Just look at a graph of ANY power transmission and distribution system at any time during the day--but if you do it in the morning (when people are waking up and starting work, or when they are quitting work and going home) the grid frequency (and grid voltage) will be more unstable than at other times during the day or night. And it takes PEOPLE--or some very sophisticated control systems capable of sending commands to one or more generator sets--to return the system or to keep it at rated. It's not the individual governors or excitation control systems (AVRs) that do that--it's some over-riding regulatory scheme that has to do it. That's why in some parts of the world the grid frequency and voltage are fairly stable, and in others, it's a moving target--literally.

MY experience with generator excitation systems (AVRs) is that they have some form of Droop (and it's even referred to as Droop regulation). In MY experience, whether in parallel with other units on a large(r) ("infinite") grid, or some small island power system that it requires operator intervention to maintain a generator terminal voltage (system voltage) as reactive power--and even real power--varies. Want proof? Leave the exciter regulator (AVR) in Auto mode after synchronization and load the unit. As real power increases the actual (process value) generator terminal voltage will decrease--the degree depends on many factors, but invariable it decreases. Do the same when unloading a generator set from rated power in Auto mode; the actual generator terminal voltage (process value) will almost always increase as the unit is unloaded requiring manual intervention to maintain generator terminal voltage. (In both cases, I am referring to NOT using EITHER VAr control or Power Factor control--which many grids are now restricting the use of (because it can cause and exacerbate grid disturbances in many cases.)
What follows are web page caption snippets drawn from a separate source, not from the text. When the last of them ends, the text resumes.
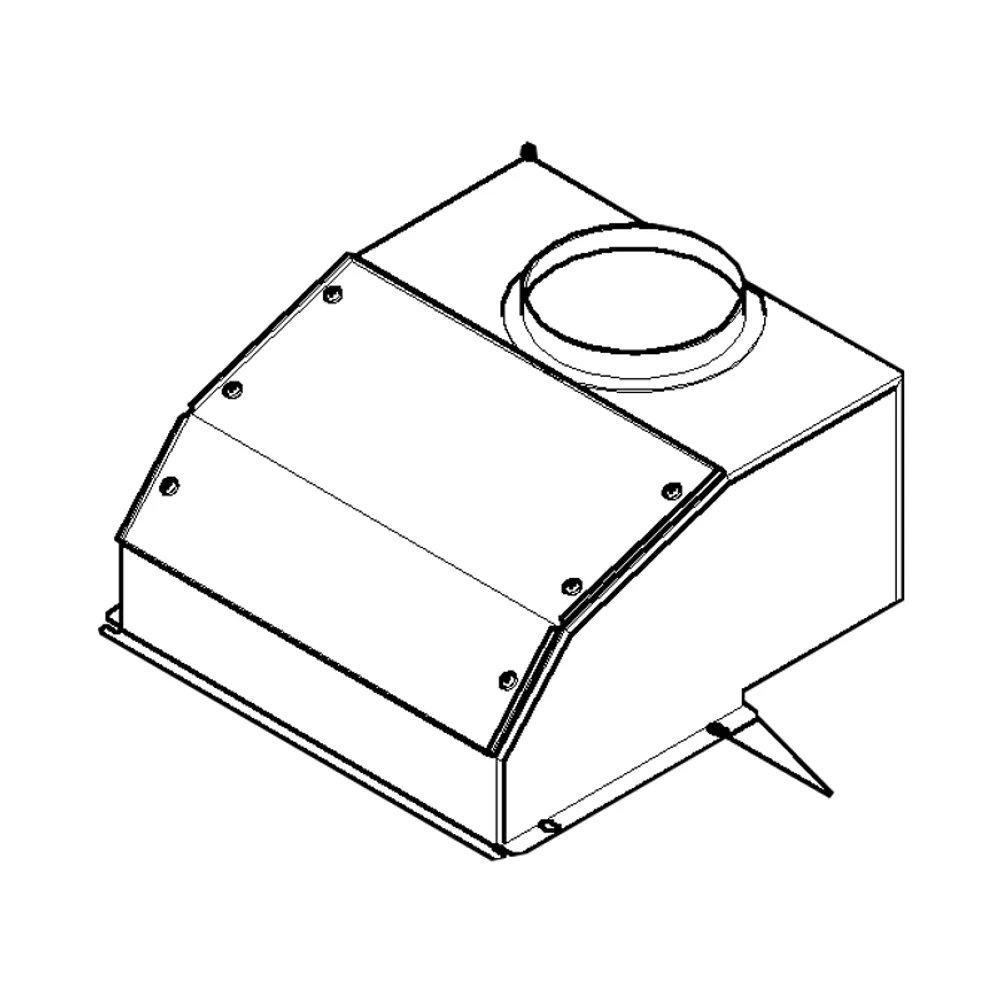 Vaillant Dichtschnur VK 564/1-C | Original Ersatzteil | 158381 (Abbildung aus der Explosionszeichnung)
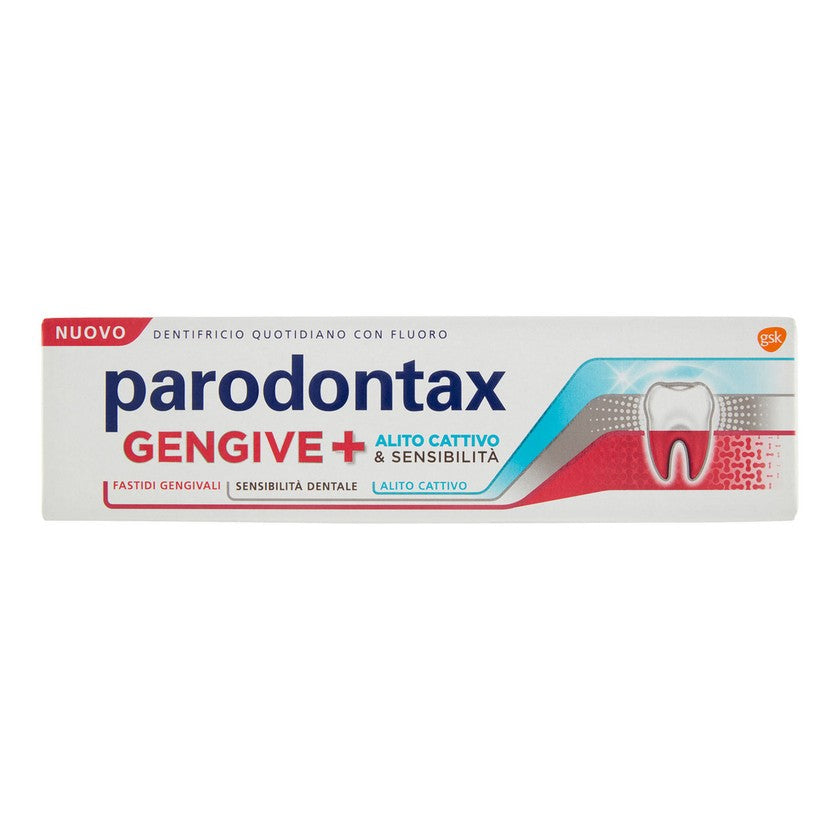 Paradontax Parodontax Hammastahna Ikenille 75 ml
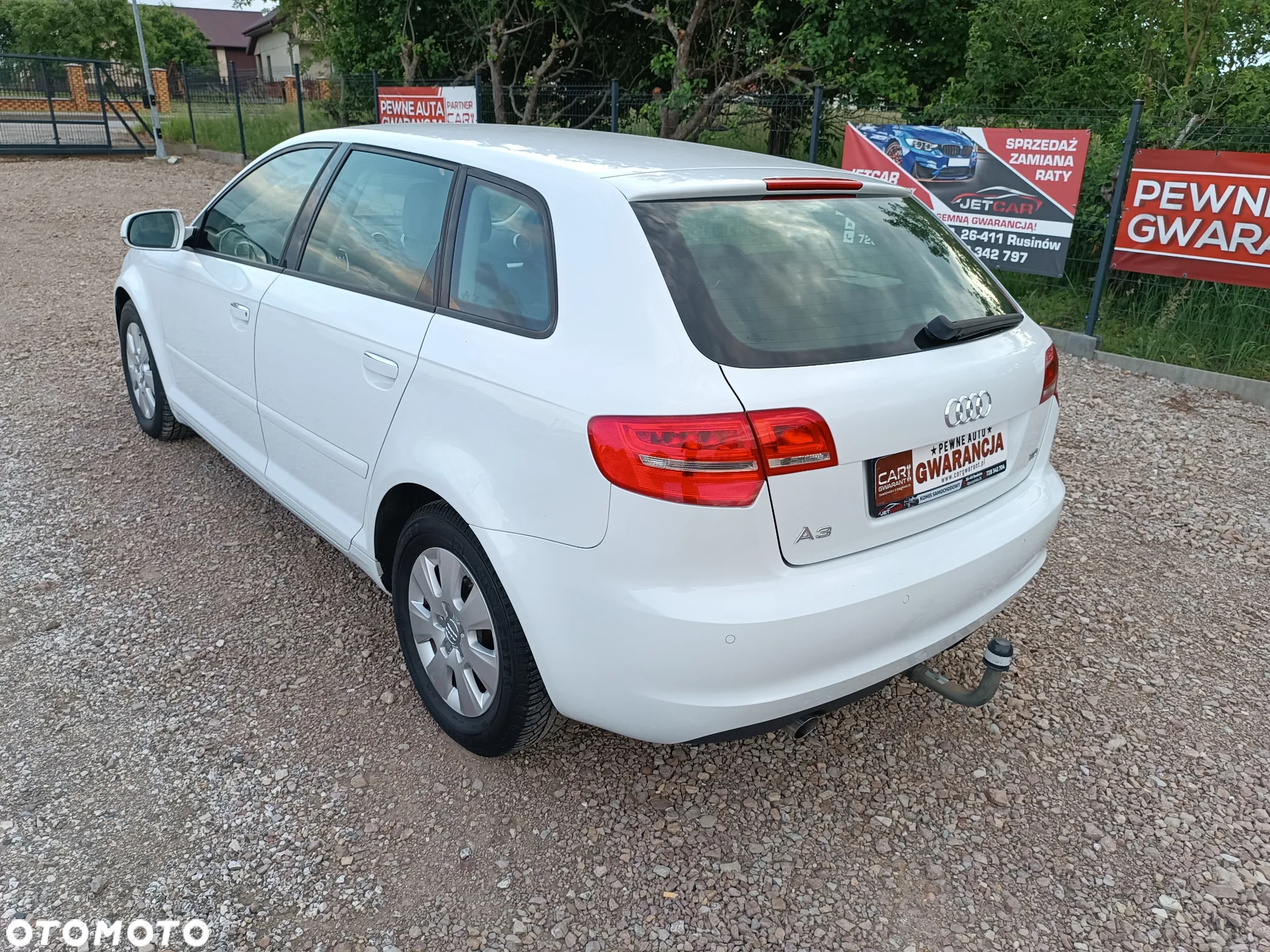 Audi A3 1.6 TDI Sportback Attraction - 20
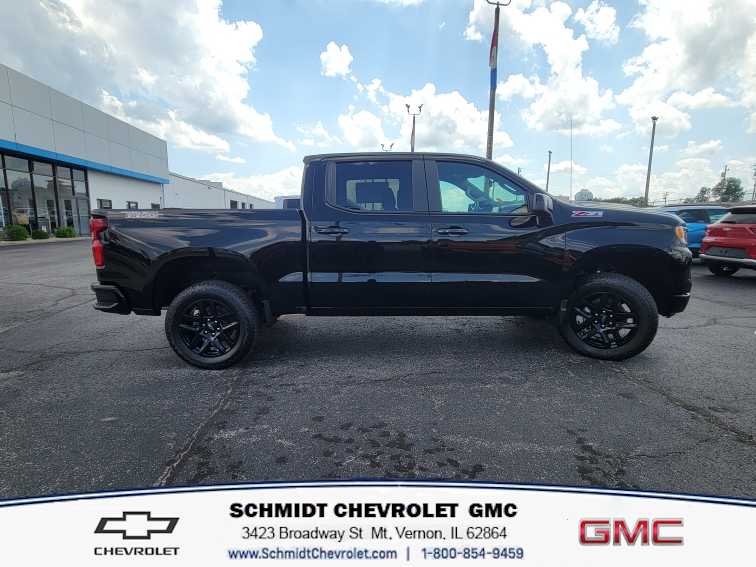 2026 Chevrolet Silverado 1500 LT Trail Boss photo 4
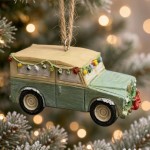 Kerstdecoratie - xmas Landy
Anyway, reach out to jtkarlsson (I'm sure it's not very far... ;-) ) and see if you two can't answer each other's questions and doubts and concerns.

Again, blessed day!

#### JohanK

Oh my god , that's a long answer. Thank you!
But I still don't know if a voltage droop control is using a P or a PI control loop,do you?

#### CSA

What does your Basler DECS manual say?

#### JohanK

I don't know what's wrong with you, but I'm sure there is help to find somewhere.
You can't face the fact that there is onre question that you don't know the answer to, can you?

#### CSA

JohanK,

I don't have all the answers, and I have as much as said so for this and the other post I cited. I have answered to the best of my experience and knowledge; I am most familiar with GE-design heavy duty gas turbines, generators and auxiliaries and the GE Mark* line of turbine control products. Most of my experience with GE excitation control systems was with an older GE analog static excitation control system, and I do have some experience with Isoch testing and operation (during commissioning of new heavy duty gas turbines).

I even wasted some of my life looking at a couple of DECS manuals (including the one you cited) for more information, and I didn't find anything that might be of help to either of us.
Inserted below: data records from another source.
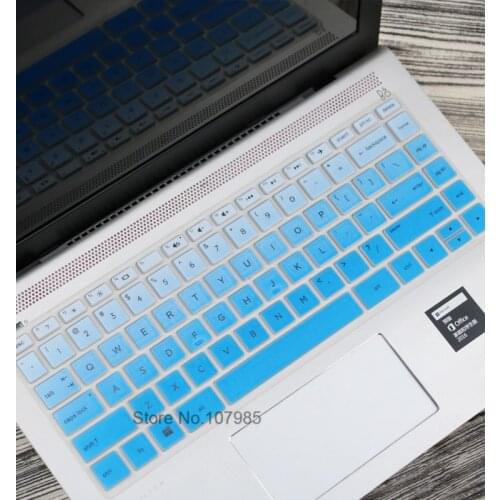 Ultra-thin Keyboard Cover Laptop Keyboard Film Cover Dustproof For HP Pavilion x360 14-ba038TX 14-BA049TX 14-ba048TX 14-ba104TX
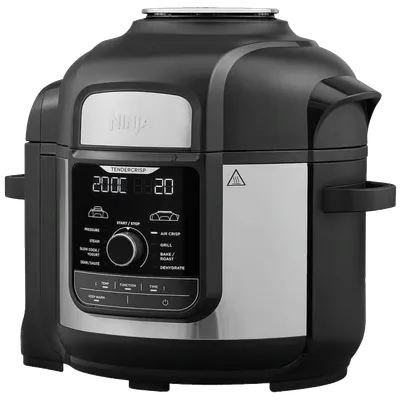 NINJA Višenamjenski lonac, 1460W, 7.5L, Crni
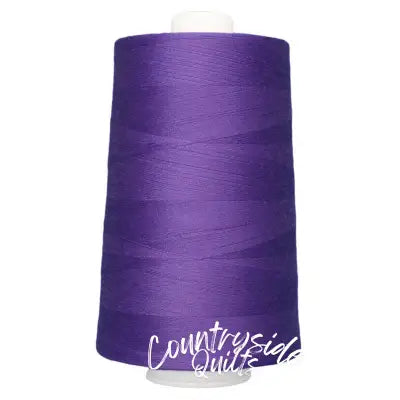 Omni Polyester Thread 40wt 6000yd Royalty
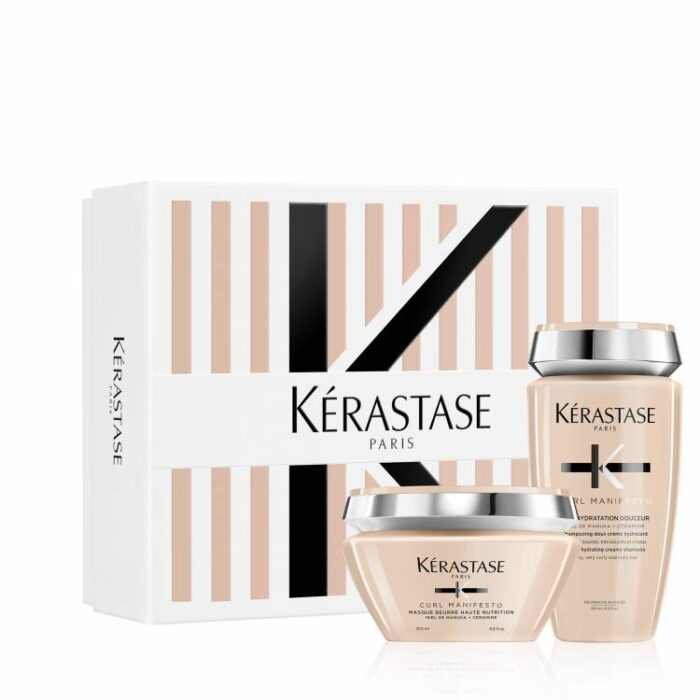 Kérastase Curl Manifesto Ajándékszett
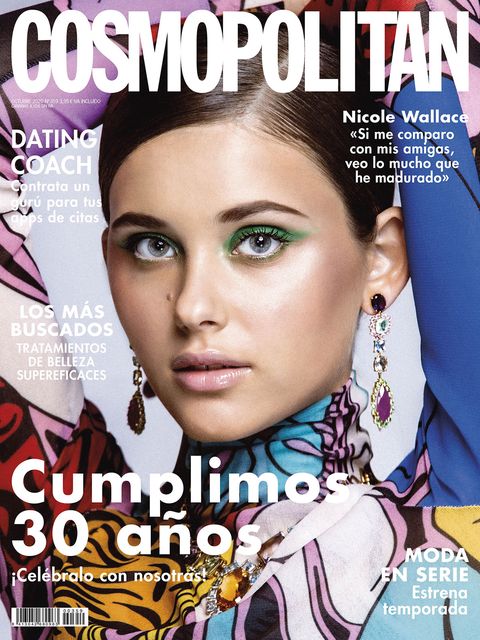 La revista 'Cosmopolitan' cumple 30 años en España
HOWEVER, Basler has an area of their website which is populated with "white papers"--which are descriptions of operation and applications and concepts and philosophies. They are available for download (after registering, and if start to receive marketing emails after registering you can unsubscribe and they will quickly stop) and review.

I don't tend to recommend textbooks or reference books on the matter of droop and/or isochronous control--of speed or voltage. Most are written by ivory-tower, egg-head professor types with very little hands-on operating experience and the concepts they present ARE NOT properly explained because they fail to state the full conditions necessary for what they are trying to explain to actually happen. (For example, the only way actual speed (frequency) decreases when load is "added" to a generator set (generator and its prime mover) is when the genset is isolated from other machines and is operating in Droop Speed Control without a conscious human being paying attention--but that's just about the typical explanation given in most texts and references is that when a genset is loaded the actual speed (frequency) decreases regardless of its operating condition.)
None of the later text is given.